Your objective
Since only the total is wanted, give the number of lines in the listing below that hold the string "kitchen" and add nothing.

Input data
++++++++++++++++++++

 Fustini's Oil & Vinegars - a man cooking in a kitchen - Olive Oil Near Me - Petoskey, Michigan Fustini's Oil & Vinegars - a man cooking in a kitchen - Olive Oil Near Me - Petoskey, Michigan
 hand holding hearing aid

++++++++++++++++++++

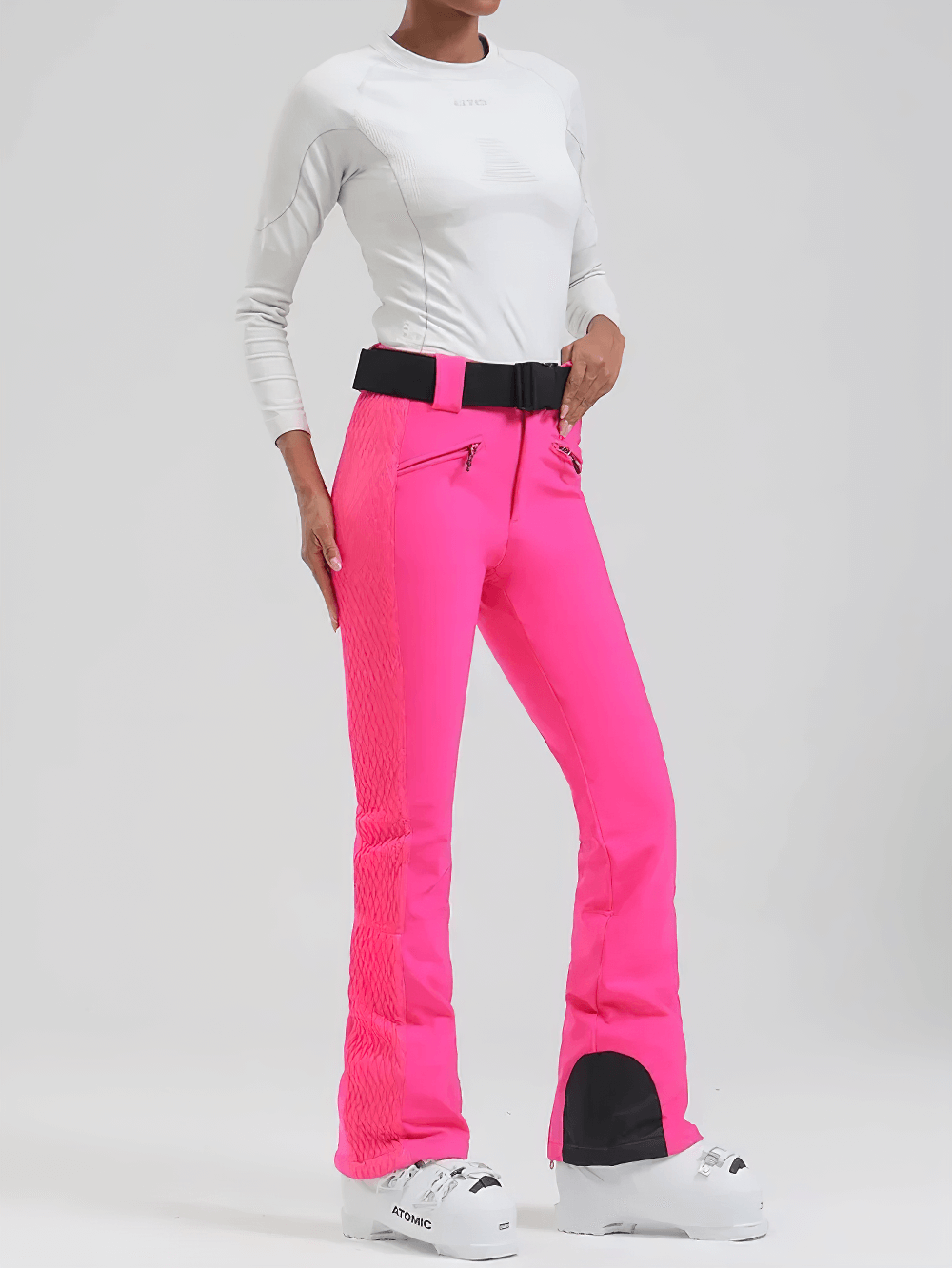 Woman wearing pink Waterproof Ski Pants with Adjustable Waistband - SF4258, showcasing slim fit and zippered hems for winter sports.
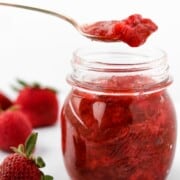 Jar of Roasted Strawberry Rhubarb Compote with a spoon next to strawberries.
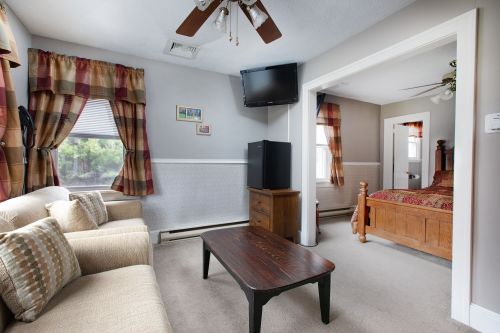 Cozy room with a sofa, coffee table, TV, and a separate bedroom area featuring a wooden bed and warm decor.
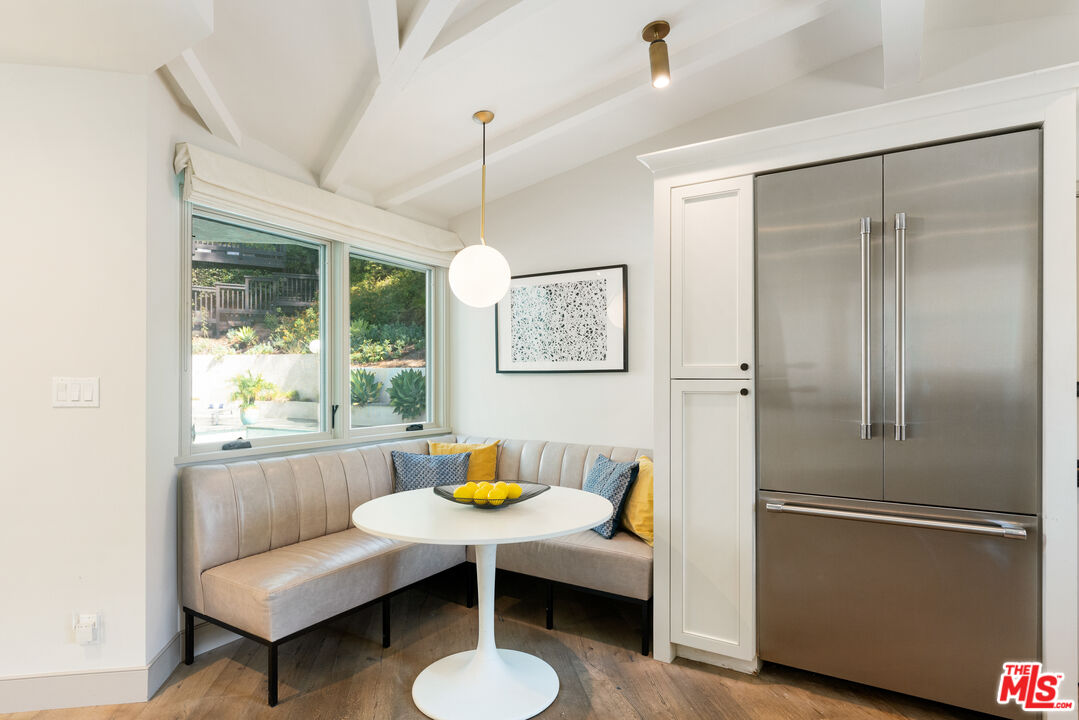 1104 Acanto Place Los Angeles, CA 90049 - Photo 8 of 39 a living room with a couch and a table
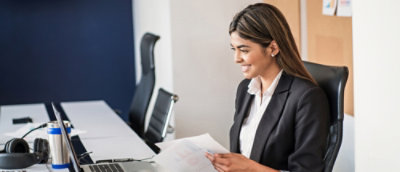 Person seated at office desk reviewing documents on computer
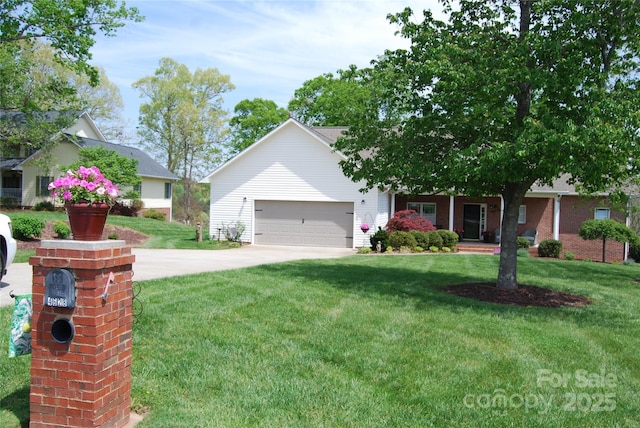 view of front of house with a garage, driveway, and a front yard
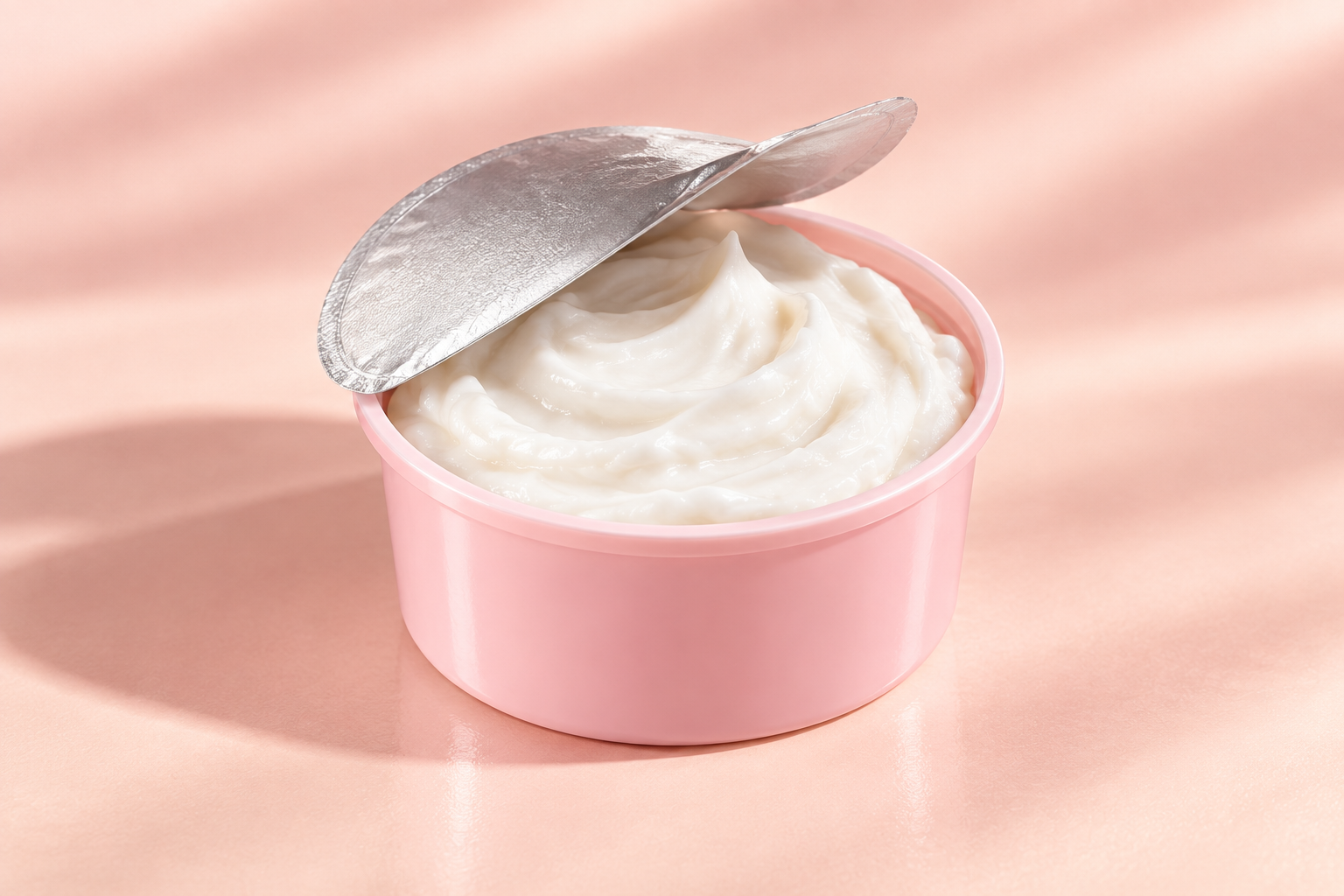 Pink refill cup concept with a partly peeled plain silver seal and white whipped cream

++++++++++++++++++++

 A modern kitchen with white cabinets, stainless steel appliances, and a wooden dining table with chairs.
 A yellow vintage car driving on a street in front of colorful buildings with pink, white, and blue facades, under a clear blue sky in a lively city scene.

++++++++++++++++++++

Final answer
2